Self-reinforcing nonsense The report also acknowledges that it cannot account for unforeseen technological innovations (surely an important factor over the next 30 years!), but there is actually a much more fundamental issue here. The assumptions underlying the lower production peak scenario include the idea that government is going to increasingly restrict fossil fuels. The anti-pipeline crowd takes this assumption as proof that pipelines are not needed. This is fallacious thinking that creates a perverse loop of self-reinforcing nonsense.
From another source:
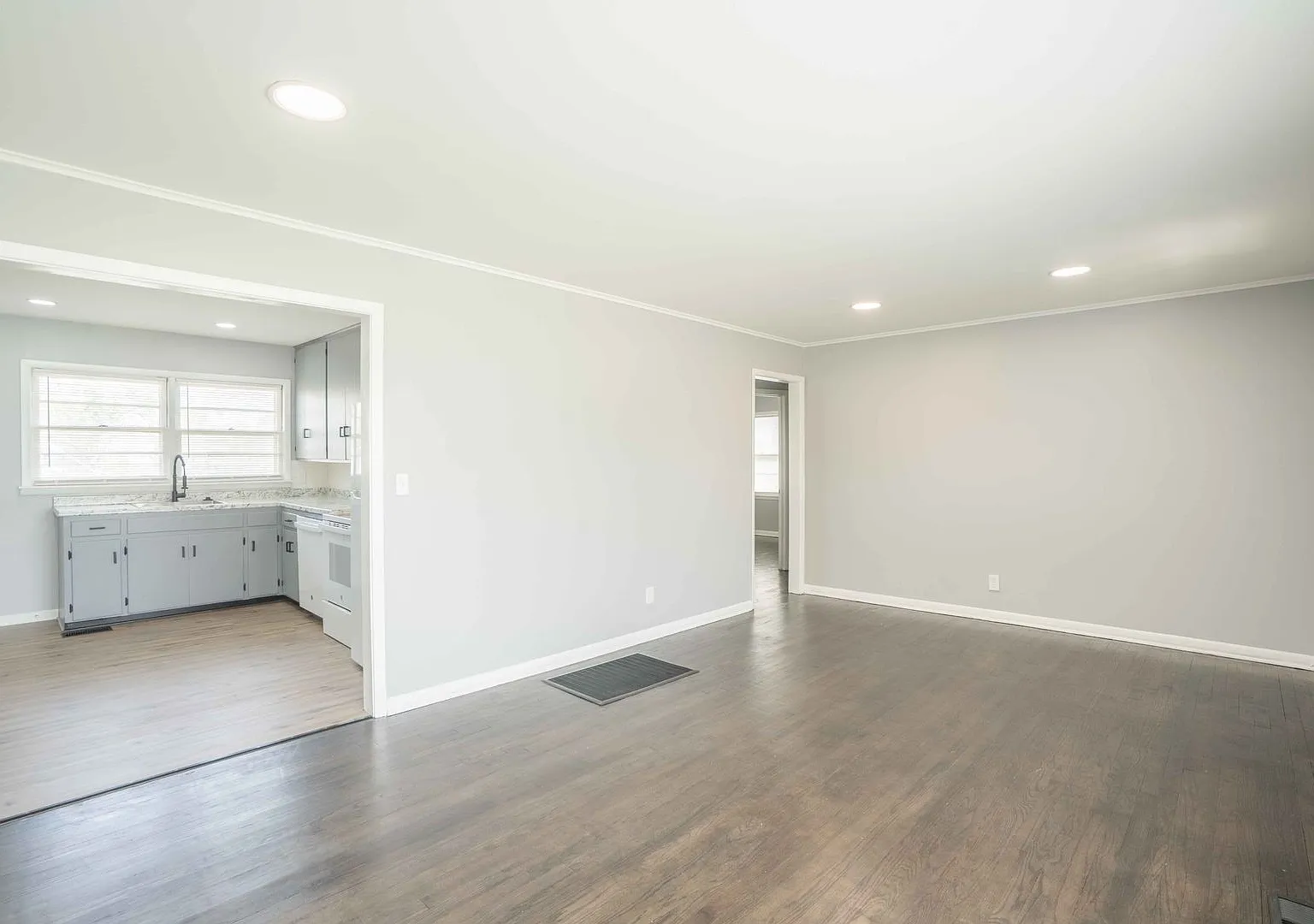 Charming Newly Renovated 3-Bedroom Home in Owasso — Photo 4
Think about it: politicians make outlandish proclamations about centrally planning the climate, plans they may or may not be willing (or able) to follow through on. Then a regulator makes some economic models trying to predict what those plans

might entail. This doesn’t actually tell you what you do or do not “need,” but some people like to think it does. Assumptions about what will happen 30 years from now are always very dubious, especially when you’re looking into the government’s own crystal ball.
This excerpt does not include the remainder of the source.